■ THE PROBLEM: In the records below, find the line that contains "RezervMasa.ro – Sistem" and the line that contains "Lacie External HDD", then retype exactly those two lines and every line between them.

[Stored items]
►
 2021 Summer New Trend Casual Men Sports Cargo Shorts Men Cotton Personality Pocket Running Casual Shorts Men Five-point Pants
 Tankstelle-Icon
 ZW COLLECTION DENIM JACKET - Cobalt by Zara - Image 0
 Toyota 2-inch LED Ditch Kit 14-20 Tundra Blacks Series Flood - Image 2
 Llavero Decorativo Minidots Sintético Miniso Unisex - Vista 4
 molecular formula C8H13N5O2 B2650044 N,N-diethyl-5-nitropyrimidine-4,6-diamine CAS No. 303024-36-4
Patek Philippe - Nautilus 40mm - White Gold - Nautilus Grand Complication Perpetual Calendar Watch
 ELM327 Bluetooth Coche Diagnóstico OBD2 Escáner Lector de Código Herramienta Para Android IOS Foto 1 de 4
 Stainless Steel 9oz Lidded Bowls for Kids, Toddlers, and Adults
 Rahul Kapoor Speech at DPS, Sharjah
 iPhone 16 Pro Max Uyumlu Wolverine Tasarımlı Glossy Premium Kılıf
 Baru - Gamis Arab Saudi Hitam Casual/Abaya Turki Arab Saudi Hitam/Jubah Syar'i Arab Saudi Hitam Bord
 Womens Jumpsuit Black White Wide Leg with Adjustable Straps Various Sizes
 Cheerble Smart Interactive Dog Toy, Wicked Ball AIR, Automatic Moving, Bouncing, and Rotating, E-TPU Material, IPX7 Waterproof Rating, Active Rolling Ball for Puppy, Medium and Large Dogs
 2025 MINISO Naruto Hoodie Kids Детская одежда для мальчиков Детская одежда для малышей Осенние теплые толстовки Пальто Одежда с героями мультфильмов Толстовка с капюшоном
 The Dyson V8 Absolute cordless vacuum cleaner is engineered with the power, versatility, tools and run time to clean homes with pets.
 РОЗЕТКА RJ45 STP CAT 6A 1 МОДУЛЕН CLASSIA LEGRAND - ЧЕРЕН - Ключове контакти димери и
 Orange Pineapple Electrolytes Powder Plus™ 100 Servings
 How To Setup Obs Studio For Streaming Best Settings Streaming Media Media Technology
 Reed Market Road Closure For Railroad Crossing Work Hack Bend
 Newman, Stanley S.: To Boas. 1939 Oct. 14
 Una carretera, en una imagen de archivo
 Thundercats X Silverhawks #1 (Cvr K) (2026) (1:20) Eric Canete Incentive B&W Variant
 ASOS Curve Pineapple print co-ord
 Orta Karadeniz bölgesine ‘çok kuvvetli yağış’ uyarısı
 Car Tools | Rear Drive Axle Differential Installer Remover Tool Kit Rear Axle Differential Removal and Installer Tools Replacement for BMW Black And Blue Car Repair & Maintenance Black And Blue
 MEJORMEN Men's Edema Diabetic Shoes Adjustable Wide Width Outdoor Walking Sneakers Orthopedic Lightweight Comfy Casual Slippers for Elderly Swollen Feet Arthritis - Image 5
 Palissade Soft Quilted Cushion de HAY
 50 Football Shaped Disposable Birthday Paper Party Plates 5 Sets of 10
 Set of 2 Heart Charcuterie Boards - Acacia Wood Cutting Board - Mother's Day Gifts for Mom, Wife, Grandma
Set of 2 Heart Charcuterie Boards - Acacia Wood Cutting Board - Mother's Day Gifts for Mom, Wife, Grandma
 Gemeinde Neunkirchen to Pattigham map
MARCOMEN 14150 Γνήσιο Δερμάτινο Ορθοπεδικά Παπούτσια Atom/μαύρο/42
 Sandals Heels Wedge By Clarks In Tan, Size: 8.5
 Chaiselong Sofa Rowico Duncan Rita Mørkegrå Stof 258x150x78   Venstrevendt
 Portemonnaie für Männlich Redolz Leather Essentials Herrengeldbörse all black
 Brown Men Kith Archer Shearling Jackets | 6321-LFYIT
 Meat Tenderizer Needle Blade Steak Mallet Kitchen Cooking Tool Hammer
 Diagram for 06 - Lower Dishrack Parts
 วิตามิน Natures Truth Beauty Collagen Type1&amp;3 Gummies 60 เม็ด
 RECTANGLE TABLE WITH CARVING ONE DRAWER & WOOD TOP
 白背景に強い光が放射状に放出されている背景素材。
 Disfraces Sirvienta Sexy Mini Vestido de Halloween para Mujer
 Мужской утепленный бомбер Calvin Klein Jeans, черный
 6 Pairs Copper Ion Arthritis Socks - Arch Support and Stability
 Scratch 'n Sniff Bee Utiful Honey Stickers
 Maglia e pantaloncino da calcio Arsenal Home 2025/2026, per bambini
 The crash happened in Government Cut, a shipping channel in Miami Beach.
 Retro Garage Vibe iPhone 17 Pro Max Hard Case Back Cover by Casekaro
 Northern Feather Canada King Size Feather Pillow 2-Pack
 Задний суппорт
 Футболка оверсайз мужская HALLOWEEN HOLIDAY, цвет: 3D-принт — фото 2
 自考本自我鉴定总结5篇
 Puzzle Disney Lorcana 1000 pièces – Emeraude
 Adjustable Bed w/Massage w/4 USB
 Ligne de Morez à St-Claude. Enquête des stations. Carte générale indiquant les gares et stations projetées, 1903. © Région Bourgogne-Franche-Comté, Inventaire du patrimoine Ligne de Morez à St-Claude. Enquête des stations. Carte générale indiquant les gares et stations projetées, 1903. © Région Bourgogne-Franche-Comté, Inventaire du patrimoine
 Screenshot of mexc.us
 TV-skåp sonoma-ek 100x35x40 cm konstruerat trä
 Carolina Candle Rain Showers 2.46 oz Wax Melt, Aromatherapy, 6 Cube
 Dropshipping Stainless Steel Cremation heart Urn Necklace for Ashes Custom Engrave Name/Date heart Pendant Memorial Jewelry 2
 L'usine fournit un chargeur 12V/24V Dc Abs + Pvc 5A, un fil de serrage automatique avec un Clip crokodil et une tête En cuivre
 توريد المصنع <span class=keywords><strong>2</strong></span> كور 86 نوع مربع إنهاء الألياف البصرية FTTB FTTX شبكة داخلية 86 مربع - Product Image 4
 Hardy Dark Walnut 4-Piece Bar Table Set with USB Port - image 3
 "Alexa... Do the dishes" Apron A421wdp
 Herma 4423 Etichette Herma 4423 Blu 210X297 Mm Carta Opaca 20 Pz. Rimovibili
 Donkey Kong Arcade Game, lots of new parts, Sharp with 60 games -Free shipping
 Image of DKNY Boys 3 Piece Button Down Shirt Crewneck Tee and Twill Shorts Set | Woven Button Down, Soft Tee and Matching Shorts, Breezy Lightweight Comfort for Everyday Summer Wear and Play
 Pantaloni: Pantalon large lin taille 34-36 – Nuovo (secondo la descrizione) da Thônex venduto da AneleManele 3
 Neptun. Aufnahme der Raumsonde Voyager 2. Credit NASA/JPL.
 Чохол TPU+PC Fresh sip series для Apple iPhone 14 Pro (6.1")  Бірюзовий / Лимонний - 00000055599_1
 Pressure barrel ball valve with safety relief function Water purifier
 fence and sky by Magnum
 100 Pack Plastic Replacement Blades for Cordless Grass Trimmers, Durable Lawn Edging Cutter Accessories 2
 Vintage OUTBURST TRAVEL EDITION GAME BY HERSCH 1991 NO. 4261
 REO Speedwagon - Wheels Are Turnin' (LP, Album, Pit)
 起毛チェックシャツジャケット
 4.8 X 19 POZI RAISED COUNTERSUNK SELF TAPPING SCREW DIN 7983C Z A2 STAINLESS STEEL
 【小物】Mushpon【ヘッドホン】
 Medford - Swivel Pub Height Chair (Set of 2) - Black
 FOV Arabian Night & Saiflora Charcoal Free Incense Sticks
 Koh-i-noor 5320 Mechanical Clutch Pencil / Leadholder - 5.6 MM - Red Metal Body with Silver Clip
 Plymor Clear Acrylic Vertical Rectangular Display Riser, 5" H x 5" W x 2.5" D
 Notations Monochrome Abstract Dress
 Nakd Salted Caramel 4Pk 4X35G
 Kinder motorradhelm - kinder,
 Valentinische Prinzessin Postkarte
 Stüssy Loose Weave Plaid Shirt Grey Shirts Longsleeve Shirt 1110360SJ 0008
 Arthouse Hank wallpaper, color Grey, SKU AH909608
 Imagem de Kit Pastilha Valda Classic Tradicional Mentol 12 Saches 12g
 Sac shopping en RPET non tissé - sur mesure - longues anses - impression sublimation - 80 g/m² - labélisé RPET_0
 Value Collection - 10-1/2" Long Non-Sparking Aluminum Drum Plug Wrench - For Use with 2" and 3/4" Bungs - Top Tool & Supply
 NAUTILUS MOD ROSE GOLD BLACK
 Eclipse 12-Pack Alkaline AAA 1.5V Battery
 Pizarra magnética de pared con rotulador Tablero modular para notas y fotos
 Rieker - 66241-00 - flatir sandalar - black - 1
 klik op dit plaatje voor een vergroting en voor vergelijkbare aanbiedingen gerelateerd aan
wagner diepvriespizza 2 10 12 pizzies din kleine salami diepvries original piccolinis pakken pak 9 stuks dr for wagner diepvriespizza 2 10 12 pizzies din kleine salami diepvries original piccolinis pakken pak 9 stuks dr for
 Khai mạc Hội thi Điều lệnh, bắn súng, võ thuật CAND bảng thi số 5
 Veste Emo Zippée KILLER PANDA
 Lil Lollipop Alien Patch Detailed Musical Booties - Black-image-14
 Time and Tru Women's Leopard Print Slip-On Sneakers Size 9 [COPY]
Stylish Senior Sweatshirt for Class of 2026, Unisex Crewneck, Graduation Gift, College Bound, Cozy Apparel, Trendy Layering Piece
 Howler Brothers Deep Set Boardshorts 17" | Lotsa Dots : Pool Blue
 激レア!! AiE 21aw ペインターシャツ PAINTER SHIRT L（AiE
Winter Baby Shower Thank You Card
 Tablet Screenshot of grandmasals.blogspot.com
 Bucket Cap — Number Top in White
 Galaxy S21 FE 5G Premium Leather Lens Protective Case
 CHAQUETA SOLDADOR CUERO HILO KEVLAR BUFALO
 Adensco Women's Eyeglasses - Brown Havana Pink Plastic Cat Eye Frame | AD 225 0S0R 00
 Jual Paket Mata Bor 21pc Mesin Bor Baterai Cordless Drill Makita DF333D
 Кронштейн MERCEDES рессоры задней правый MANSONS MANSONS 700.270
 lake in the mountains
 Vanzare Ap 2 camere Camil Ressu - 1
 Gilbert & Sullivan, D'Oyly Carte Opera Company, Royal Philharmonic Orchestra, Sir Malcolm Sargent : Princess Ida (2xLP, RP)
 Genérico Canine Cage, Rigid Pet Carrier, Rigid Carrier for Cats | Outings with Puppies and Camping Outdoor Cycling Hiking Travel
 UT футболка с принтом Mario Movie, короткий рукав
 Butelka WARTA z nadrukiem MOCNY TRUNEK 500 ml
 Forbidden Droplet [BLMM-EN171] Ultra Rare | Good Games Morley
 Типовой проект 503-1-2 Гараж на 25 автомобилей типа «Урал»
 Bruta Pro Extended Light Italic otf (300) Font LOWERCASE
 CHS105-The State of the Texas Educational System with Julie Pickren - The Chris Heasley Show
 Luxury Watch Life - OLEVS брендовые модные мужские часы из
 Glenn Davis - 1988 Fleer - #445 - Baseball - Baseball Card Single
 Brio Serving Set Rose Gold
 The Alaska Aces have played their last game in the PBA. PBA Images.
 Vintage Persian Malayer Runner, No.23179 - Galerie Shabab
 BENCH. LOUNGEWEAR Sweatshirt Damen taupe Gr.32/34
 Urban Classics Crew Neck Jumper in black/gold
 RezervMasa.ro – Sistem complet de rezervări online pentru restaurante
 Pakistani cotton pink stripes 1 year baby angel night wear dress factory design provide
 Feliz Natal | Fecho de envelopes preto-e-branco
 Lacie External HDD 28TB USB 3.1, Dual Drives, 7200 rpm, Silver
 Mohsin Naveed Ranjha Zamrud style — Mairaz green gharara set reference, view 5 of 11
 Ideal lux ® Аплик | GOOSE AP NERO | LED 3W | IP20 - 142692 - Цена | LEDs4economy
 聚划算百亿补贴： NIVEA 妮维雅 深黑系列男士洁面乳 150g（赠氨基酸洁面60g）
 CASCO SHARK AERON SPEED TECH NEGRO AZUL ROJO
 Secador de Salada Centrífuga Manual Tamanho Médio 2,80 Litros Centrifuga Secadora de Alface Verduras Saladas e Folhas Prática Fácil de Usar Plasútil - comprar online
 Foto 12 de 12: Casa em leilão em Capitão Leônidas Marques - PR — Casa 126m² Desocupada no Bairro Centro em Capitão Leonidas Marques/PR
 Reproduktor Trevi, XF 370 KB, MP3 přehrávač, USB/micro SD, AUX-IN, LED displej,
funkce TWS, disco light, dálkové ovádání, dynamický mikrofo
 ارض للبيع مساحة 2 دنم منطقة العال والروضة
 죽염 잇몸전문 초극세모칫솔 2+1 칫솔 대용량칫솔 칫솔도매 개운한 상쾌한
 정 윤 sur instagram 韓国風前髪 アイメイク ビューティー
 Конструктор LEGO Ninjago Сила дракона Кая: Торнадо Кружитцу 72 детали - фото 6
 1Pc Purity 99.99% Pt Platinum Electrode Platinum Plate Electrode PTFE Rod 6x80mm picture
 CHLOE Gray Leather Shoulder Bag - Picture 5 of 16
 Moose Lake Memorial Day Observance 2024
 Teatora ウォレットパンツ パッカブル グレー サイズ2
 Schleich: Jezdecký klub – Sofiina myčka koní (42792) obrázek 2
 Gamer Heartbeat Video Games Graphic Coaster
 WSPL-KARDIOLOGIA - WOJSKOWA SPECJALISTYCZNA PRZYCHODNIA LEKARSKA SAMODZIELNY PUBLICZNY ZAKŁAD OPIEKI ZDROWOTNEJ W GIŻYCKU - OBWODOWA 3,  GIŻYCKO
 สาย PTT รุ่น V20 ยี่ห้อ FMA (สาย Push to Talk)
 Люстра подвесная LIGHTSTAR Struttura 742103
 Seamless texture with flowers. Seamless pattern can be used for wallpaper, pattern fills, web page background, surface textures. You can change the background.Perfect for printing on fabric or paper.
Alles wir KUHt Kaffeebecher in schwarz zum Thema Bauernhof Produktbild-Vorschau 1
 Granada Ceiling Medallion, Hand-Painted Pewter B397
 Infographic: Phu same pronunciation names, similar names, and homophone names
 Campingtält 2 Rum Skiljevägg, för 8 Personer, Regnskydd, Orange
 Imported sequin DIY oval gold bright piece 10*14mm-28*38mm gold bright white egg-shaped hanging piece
◄
■ RESPONSE BELOW:
 RezervMasa.ro – Sistem complet de rezervări online pentru restaurante
 Pakistani cotton pink stripes 1 year baby angel night wear dress factory design provide
 Feliz Natal | Fecho de envelopes preto-e-branco
 Lacie External HDD 28TB USB 3.1, Dual Drives, 7200 rpm, Silver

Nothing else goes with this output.